■ DESCRIPTION OF THE TASK ■
What is needed is an exact copy of the lines from the start of the records below through the line with "Tiểu Hoàng Thư", without the pictures.

Short web captions:
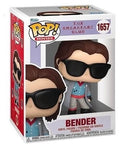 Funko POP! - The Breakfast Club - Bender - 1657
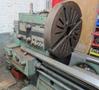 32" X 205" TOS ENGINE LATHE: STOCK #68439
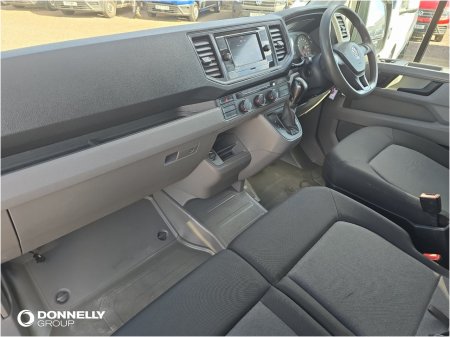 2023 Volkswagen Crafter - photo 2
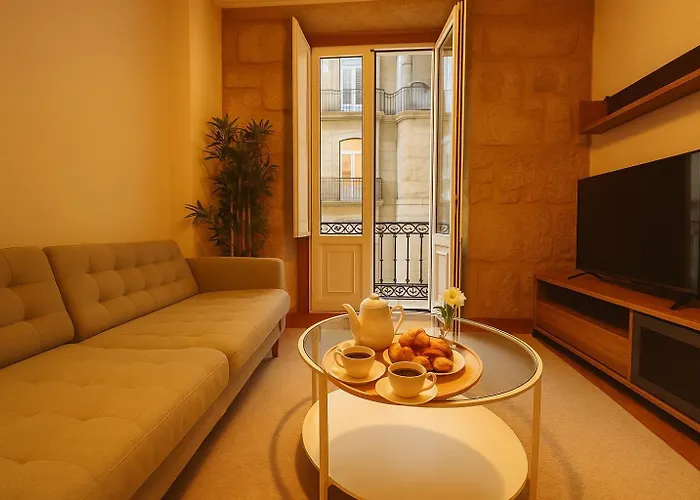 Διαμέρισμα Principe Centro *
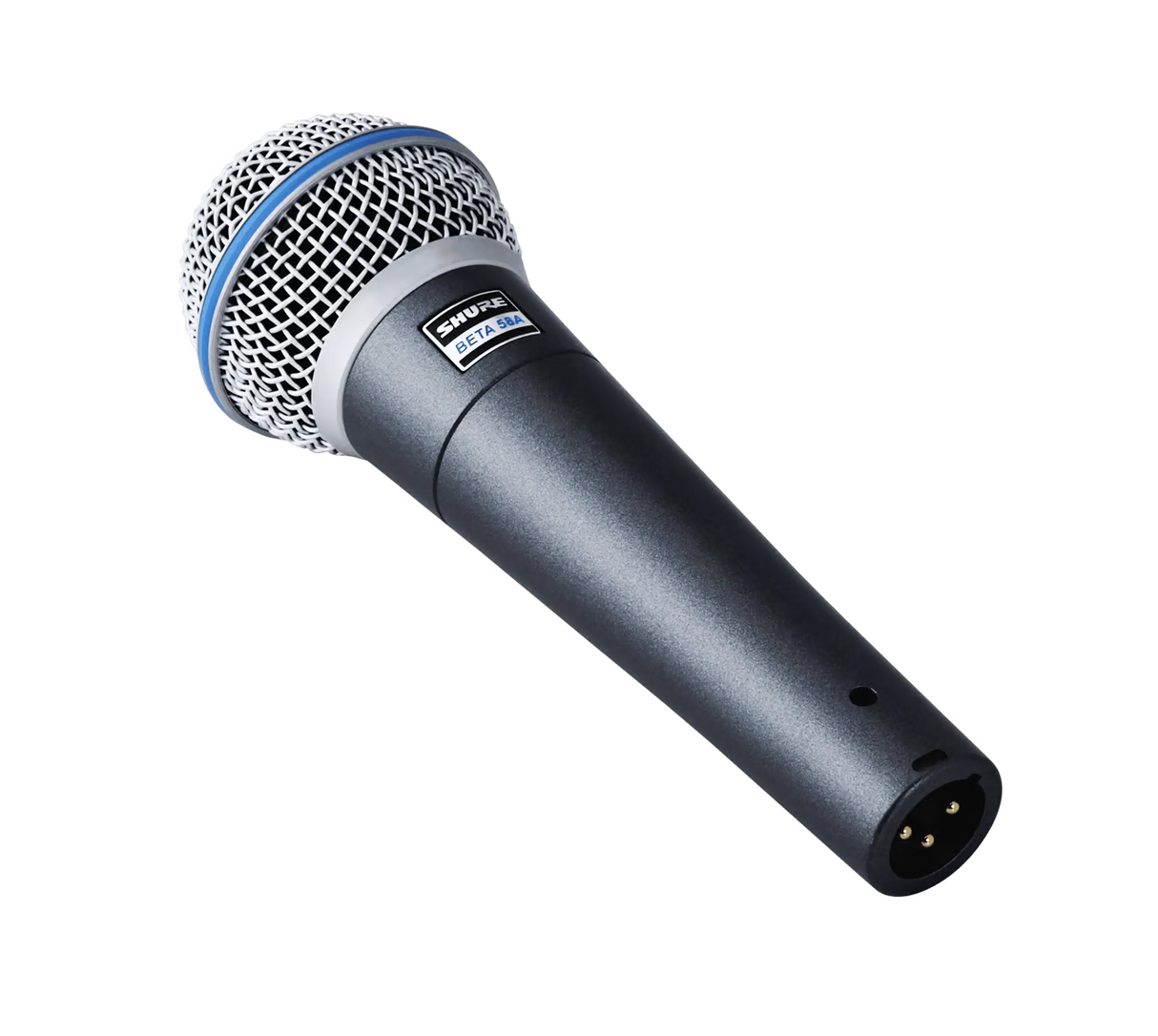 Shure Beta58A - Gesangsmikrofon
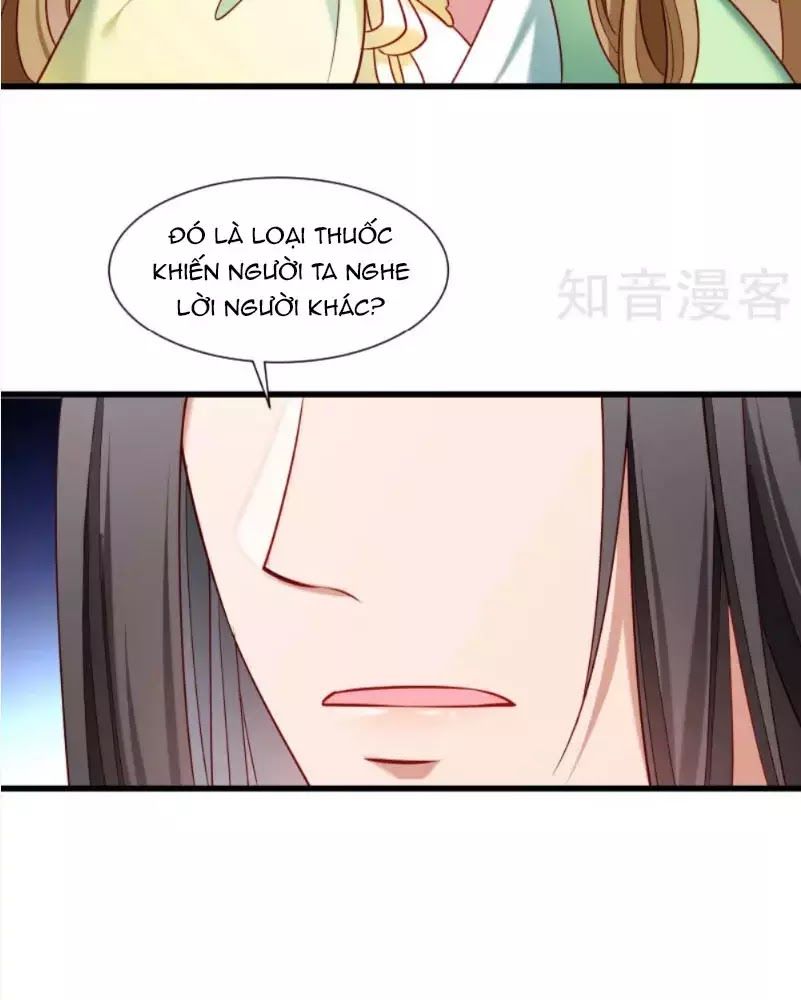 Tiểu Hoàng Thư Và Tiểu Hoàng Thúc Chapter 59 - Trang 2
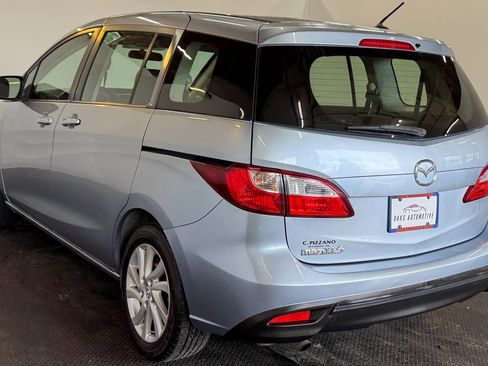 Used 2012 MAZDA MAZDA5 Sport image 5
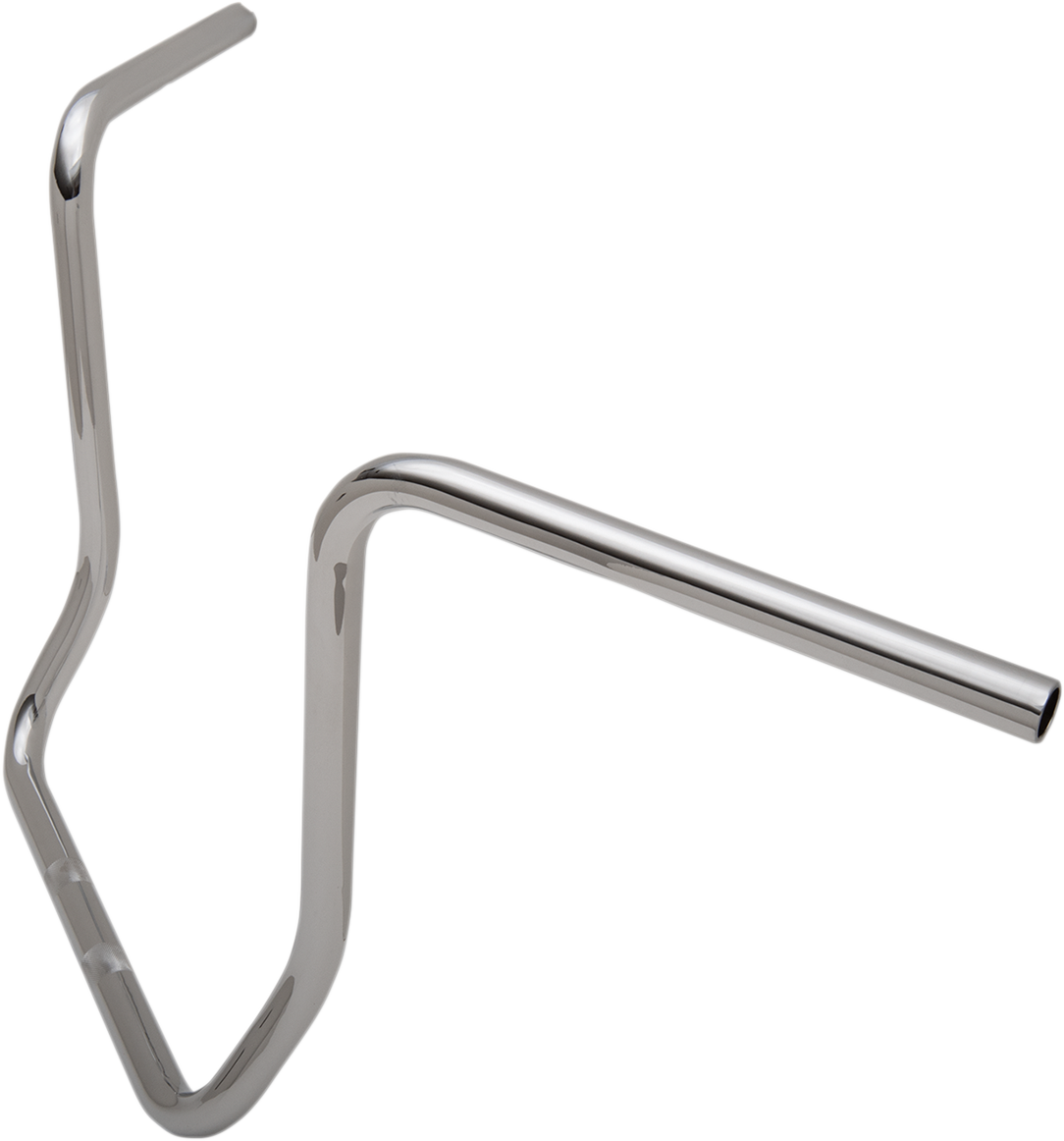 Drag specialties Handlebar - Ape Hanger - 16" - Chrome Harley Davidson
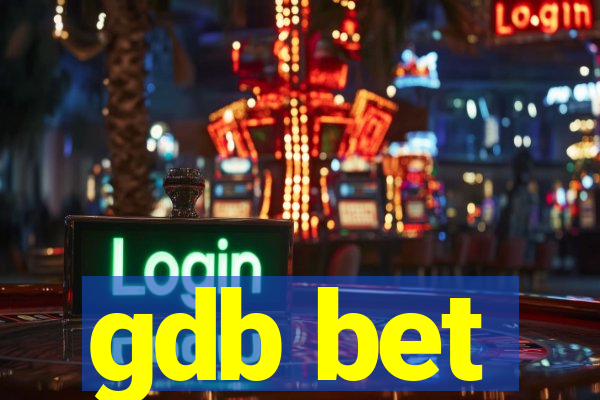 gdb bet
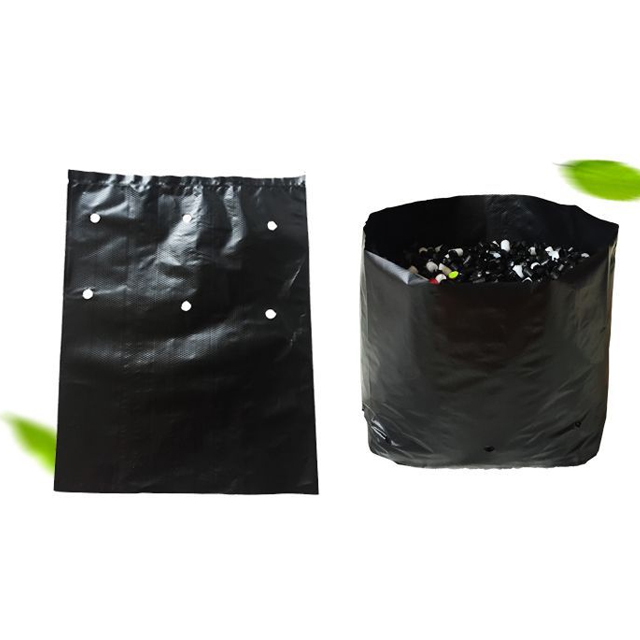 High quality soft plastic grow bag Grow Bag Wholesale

■ RESPONSE AREA ■
 Funko POP! - The Breakfast Club - Bender - 1657
 32" X 205" TOS ENGINE LATHE: STOCK #68439
 2023 Volkswagen Crafter - photo 2
 Διαμέρισμα Principe Centro *
 Shure Beta58A - Gesangsmikrofon
 Tiểu Hoàng Thư Và Tiểu Hoàng Thúc Chapter 59 - Trang 2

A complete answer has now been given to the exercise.